If you are working to bring more life balance to your family, don’t forget your own needs. For a lot of us who are mothers of young children, it is difficult to acknowledge that we have personal needs let alone to find a way to address those needs and reach for some kind of personal life balance.
I’ve been really focused taking small steps to improve areas of my life that feel like they are out of balance. In Tuesday’s post, I quoted Nigel Marsh’s TED Talk on “How to Make Work-Life Balance Work,” and I keep thinking about one thing he said: “Being balanced doesn’t mean dramatic upheaval in your life.”
Don’t get caught up in the assumption that you must reach a perfect balance. Look at your big picture to see where you want to be and where you are. Then, take a step.
My Technical Details
It’s easy to say, “Take a step,” but how? I know from trying a lot of different productivity systems what works to keep me on track and what becomes too much of a distraction. I write down everything I need to do. I dump all tasks onto a list following what I learned from reading David Allen’s Getting Things Done. I have tried programs and apps, but I find that a plain spreadsheet works best for me. I’ve created my own system to outsmart my tendency to game the system and to keep me from putting everyone else first.
I check my big picture by dividing my goals and tasks by life area. (Embedded in the image above really is a screenshot of my daily task list.) How you measure your life balance and the balance of your family really depends on what you need.
- You could look at the categories described in the Canadian Index of Wellbeing (Democratic Engagement, Community Vitality, Education, Environment, Healthy Populations, Leisure and Culture, Living Standards, and Time Use),
- use general life areas (Spiritual, Intellectual, Psychological, Social, Professional, Recreational, and Physical), or
- the roles that you play (Mother, Wife, Boss, Team Member, Community Member, Voter, Artist, Volunteer).
It will take some values clarification for you to determine which areas come together in your life to bring balance for you. I have gone through this process quite a few times, and I seem comfortably settled on eight areas that keep me in balance. I know that I tend not to take care of myself, so I have a whole section that is all about me.
If you are a visual person, you might like a graphic reminder of how you are doing. You can grade yourself on a Wheel of Life to remind you where you need more work. I used to want this, but I found that I made the wheel The Thing rather than making the wellbeing and balance The Thing. I get distracted by the graphics, so I just use a list with colors now. I make Family one of my eight separate areas of balance. I use my favorite color (purple) for the “ME!” area, to try to get myself not to ignore it. I put volunteer work at the bottom of the list in my least favorite color to keep myself from putting those tasks above family, work, and self.

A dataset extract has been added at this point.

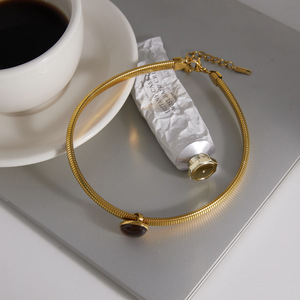 <span class=keywords><strong>Collana</strong></span> Girocollo da Donna in Acciaio Inossidabile all'Ingrosso, Catena Tubogas Placcata Oro <span class=keywords><strong>con</strong></span> Cabochon in Resina Ambrata Marrone - Product Image 5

If an off-the-shelf solution works for you, great. Really, that’s best, but it doesn’t work for me. I used to have to shift to a new system every few months to keep myself moving.
How does this help me find my own personal balance? I check in every week, and make myself choose items from every area to prioritize through the week. I don’t let myself get away with skipping the “ME!” section so I can get everyone else’s tasks done. Sometimes the “ME!” items are as simple as “READ novel” or “KNIT,” but I also make notes to call friends and workout. Over time, I have figured out how I neglect myself and I’ve figured out how to stop myself from doing it.
Shouldn’t we just be able to be more intuitive about life balance? I wish I could be. I think it used to be easier for me, but my life was less complicated and I didn’t have as many people to take care of. Now, I need help working through the chaos. To keep my personal life balance, I play to my own strengths and game my weaknesses.
While you are taking care of your family, don’t forget to take care of yourself.